- A deputada Tabata Amaral (PSB-SP) apresentou o PL 1.424/2026 para definir antissemitismo e orientar políticas públicas, com o objetivo de romper tabus na educação.
- Ela afirma que o projeto não cria novo crime e que antissemitismo já é crime no Brasil, definindo a prática de forma amplamente aceita internacionalmente e destacando a diferença entre críticas ao Estado de Israel e preconceito contra judeus.
- Tabata disse que comunidades judaicas no Brasil sofrem perseguição e discriminação, citando casos recentes no Rio de Janeiro envolvendo um bar multado por proibir a entrada de cidadãos dos Estados Unidos e de Israel, e uma padaria cuja conduta também foi denunciada pelo Ministério Público.
- Ela comentou o recuo de oito parlamentares que haviam assinado o projeto, dizendo lamentar que direitos humanos passe a depender da posição política entre direita e esquerda.
- Em outra pauta, Tabata mencionou a ampliação da licença-paternidade e comentou as metas do Plano Nacional de Educação, que prevê investir dez por cento do PIB em educação até 2036, destacando a necessidade de maior compromisso com a área.
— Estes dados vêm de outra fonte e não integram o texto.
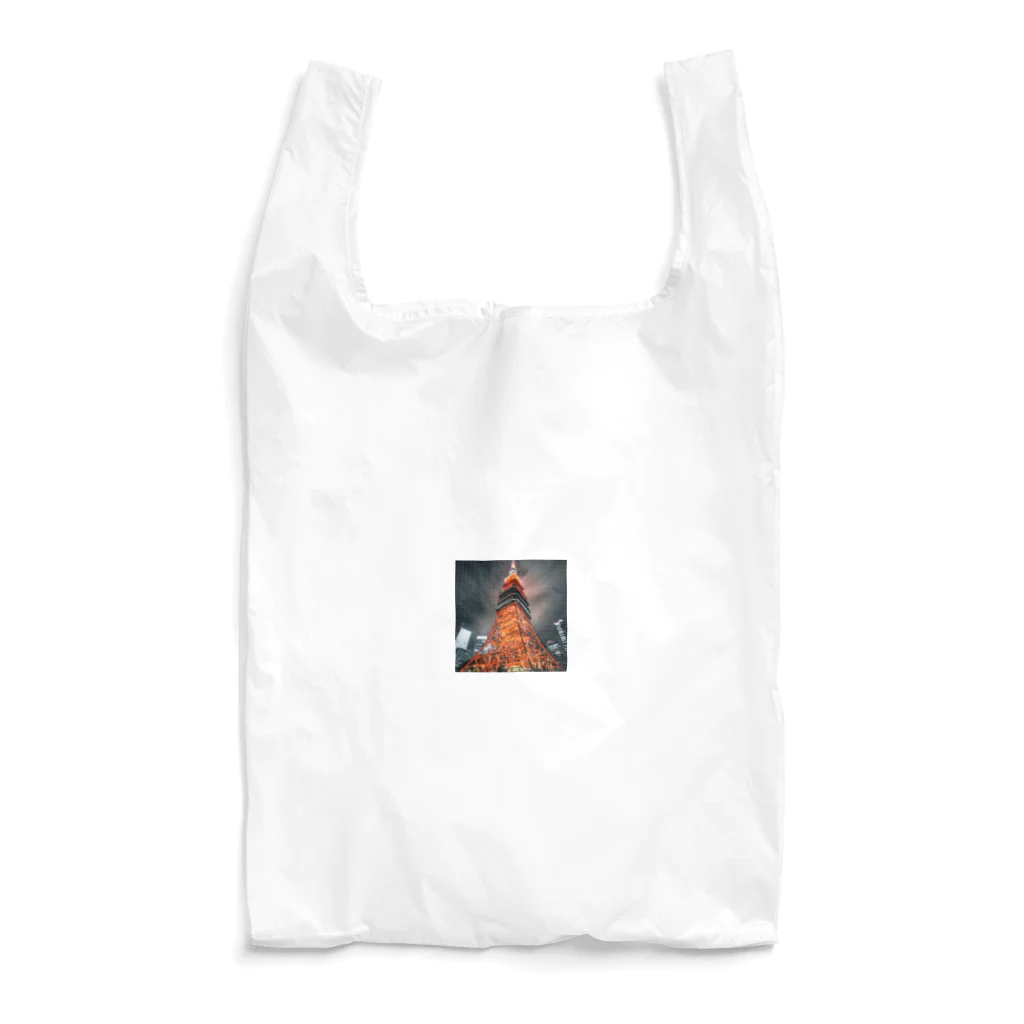 Pekotaroの電波塔 Reusable Bag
Um projeto de lei apresentado no Congresso Nacional, no dia 26 de março, propõe definir antissemitismo para orientar políticas públicas nacionais. A autora é a deputada Tabata Amaral, do PSB-SP, em parceria com o PL 1.424/2026. A pauta ganhou exclusividade para o Link News.
Tabata afirma que a finalidade do texto é romper tabus por meio de políticas educacionais contra o preconceito contra judeus. Segundo ela, o projeto não cria novo crime nem altera a lei vigente; o antissemitismo já é crime no Brasil.
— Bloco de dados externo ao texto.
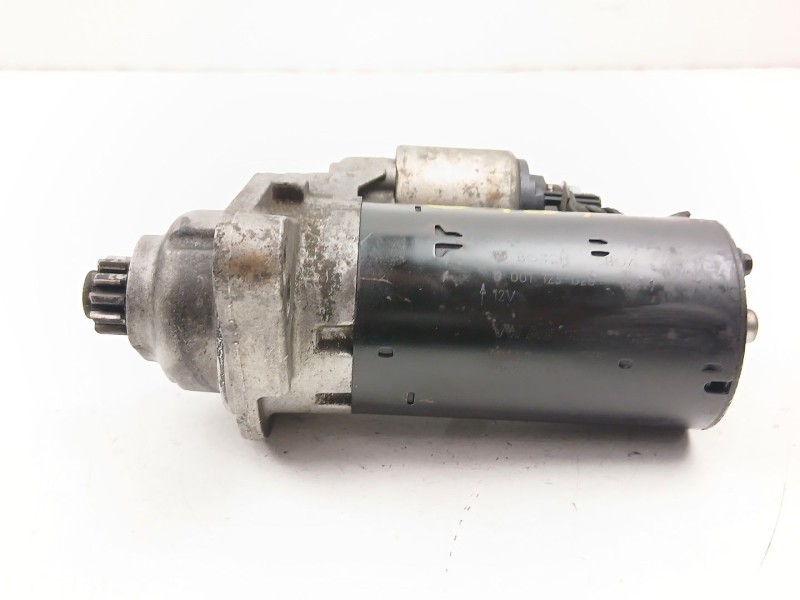 Recambio de motor arranque para seat ibiza iv (6j5, 6p1) 1.6 tdi referencia OEM IAM 02Z911023 0001123028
Ela destaca que a definição proposta é consensuada internacionalmente e separa críticas ao Estado de Israel de ataques a comunidades judaicas. A deputada diz que o último fim de semana revelou que comunidades judaicas no Brasil sofrem perseguição e discriminação.
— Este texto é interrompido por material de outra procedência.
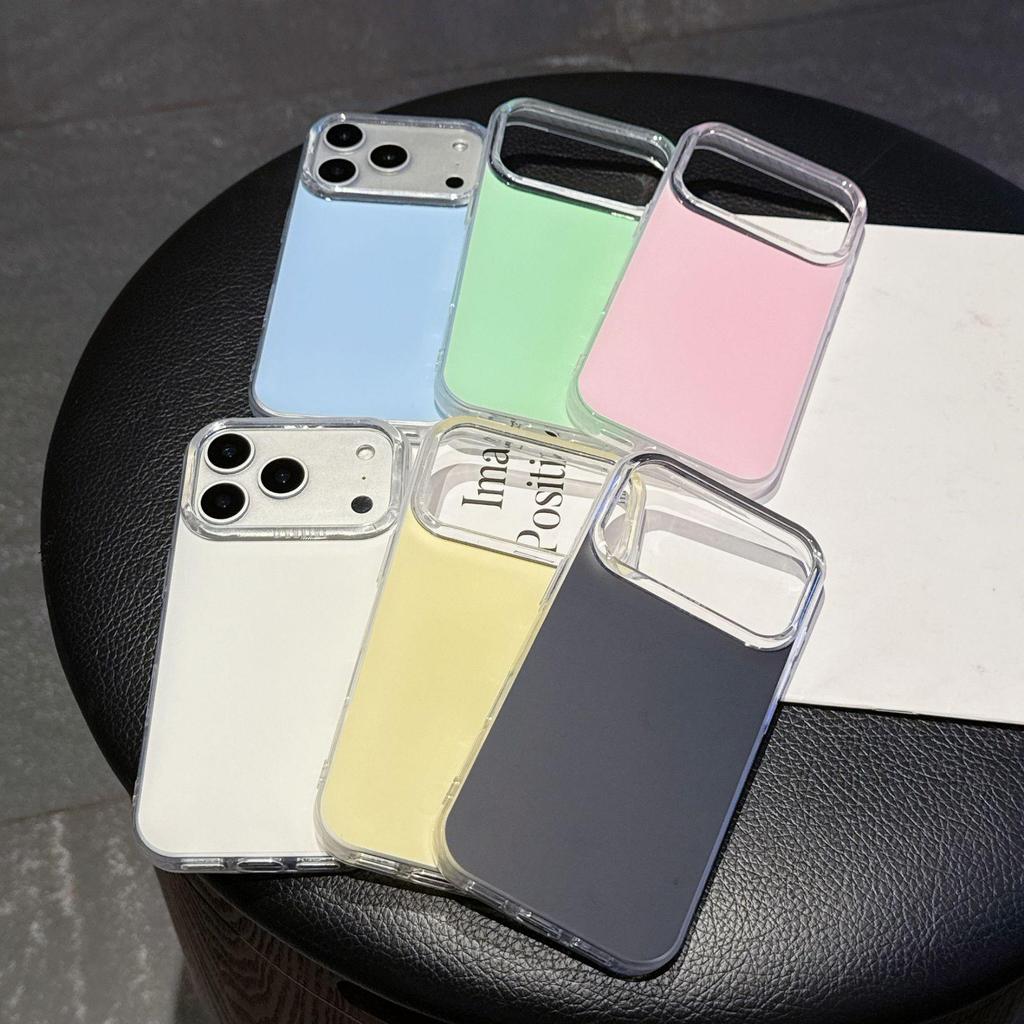 New Cream Shell Protective Case for iPhone 17 Pro Max & iPhone 16, Full Coverage Anti-Drop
Casos recentes e reação pública
Um bar no Rio de Janeiro foi multado após exibir uma placa proibindo a entrada de cidadãos dos Estados Unidos e de Israel. O Ministério Público classificou o caso, junto com uma ocorrência em uma padaria, como crime, reforçando a necessidade de fiscalização e combate ao preconceito.
Tabata também comentou o recuo de oito parlamentares que tinham assinado o projeto, lamentando que debates de direitos humanos acabem sendo vistos por linhas partidárias, o que, segundo ela, dificulta a defesa de proteção a minorias.
Outras pautas da deputada
Na entrevista, a deputada tratou da ampliação da licença-paternidade, projeto que diz acompanhar com orgulho. Também comentou metas do Plano Nacional de Educação, que prevê investimento de 10% do PIB em educação até 2036, apontando a necessidade de maior compromisso com a educação.